But the big news of the week (well, not really, the REALLY big news is that we're all going to die in a supernova as the nearby binary stars of T Pyxidis reach the Chandrasekhar Limit in mass and go "bing badda boom", bathing us all in a deadly Gamma ray burst in a couple of millennia. Maybe.) came out of the Socialist Alliance conference.

After several years of a tentative fox-trot with other affiliates who opposed any such move, the Democratic Socialist Perspective (DSP) has formally dissolved/ merged itself into the Socialist Alliance.
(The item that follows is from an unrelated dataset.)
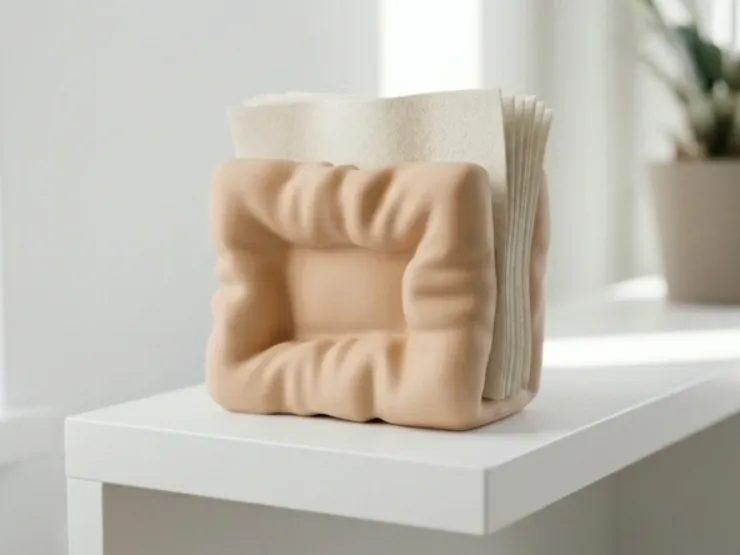 Puffy Ottoman Napkin Holder - Kitchen Accessory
Now, to many on the "left" (by which we mean to include all those self-described "vanguards" of circa three people, as well as the more genuine outfits and individuals), this is either:

1) irrelevant, because the DSP already controls the Socialist Alliance;
2) irrelevant, because the DSP had already dissolved into the Socialist Alliance;
3) irrelevant, because both groups are counter-revolutionary/ Pabloite/ class-collaborationist/ Stalinist/ reformist/ {insert random unsubstantiable insult here}/ etc;
4) irrelevant, because the best vehicle for achieving socialist change is via the Greens/ ALP;
5) irrelevant because {insert name of your grouplet here} is the one true revolutionary organisation.
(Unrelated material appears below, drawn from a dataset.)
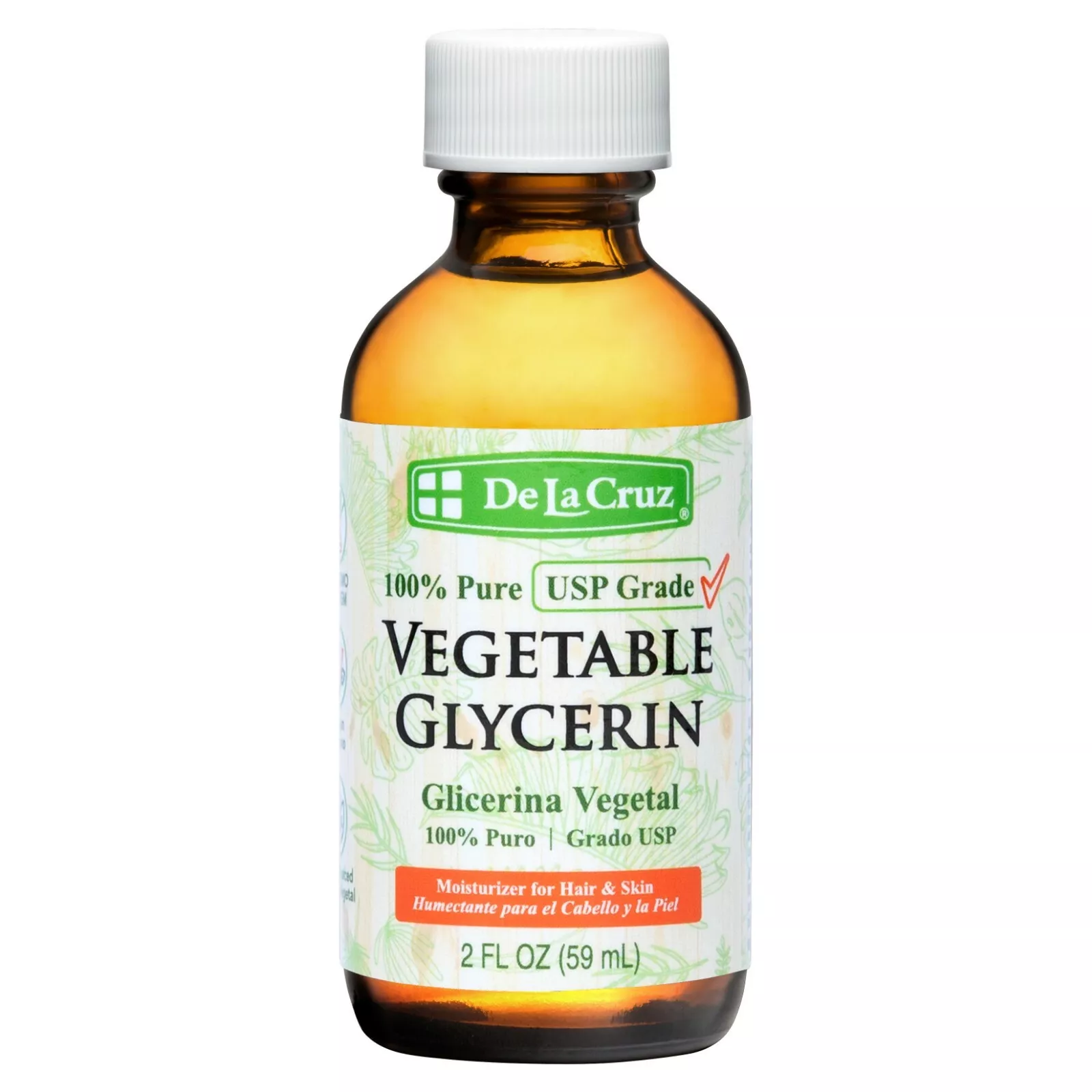 Bloom Beauty De La Cruz Pure Vegetable Glycerin USP Grade, Bottled in USA, 2 FL OZ59 ml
etcetera, etcetera. None of the above is, of course, true. These views largely serve the sole purpose of quarantining existing groups from engaging with the reality of the Socialist Alliance, the class struggle in Australia, and the need for a new, broad, socialist working class party.

Negative views (and very genuine imperfections) aside, the decision on the weekend could actually be a (another) very interesting and beneficial development, both for the Socialist Alliance, and for the left in Australia more generally. Amongst other things, it removes the DSP from the picture, handing over that group's assets to the larger Socialist Alliance and providing more human resources by removing the need for DSP members to build a parallel organisation.

While individual DSP members will no doubt maintain their political views, and put them forward in the Alliance, in can also be hoped that the death of the DSP may encourage those with paranoiac ideas of a "DSP takeover strategy" to (re)affiliate to the Socialist Alliance.
A more successful Socialist Alliance, which welcomes the affiliation of other left groups and individuals, can only strengthen the socialist left in Australia, providing a unified-yet-pluralist and coherent alternative to the disaster which is capitalism.

Of course, there are those who will decry this move by DSP members a retreat from the "leninist" model of party-building, and even from Marxism. I disagree, and perhaps in a further post, I'll return to that claim in order to refute it. But suffice to say that the "Leninist Party" model being constructed by most little left groups today has extraordinarily little to do with what Lenin did in Russia (whatever your views on his successes and flaws).

One of the many (somewhere well over 200) members and delegates who attended the energetic and exciting conference, Ben Courtice, has put together a couple of (somewhat contrarian) analyses of the changes (here and here), not all glowing of course, but interesting reading nonetheless.

The new, improved, Socialist Alliance now has the opportunity to revivify the fragmented left. In one sense, the ball is firmly in the court of other left groups to meet the challenge of creating a genuine socialist alternative
in Australia. If Solidarity, Socialist Alternative, the Socialist Party, or anyone else, wants to affiliate, the door remains open, and we will welcome them.

However the Socialist Alliance is not going to be held hostage to the nightmare of the past - a viable, non-sectarian and pluralist socialist alternative must be built, regardless of the involvement of historical divisions. The potential for socialists to present that alternative is greater - and more important - now that ever.

As Olivier Besancenot, the Nouveau Parti Anticapitaliste's "Red Postie", pointed out recently: "
It’s in these times of economic crisis that we will have to show just how useful we really are."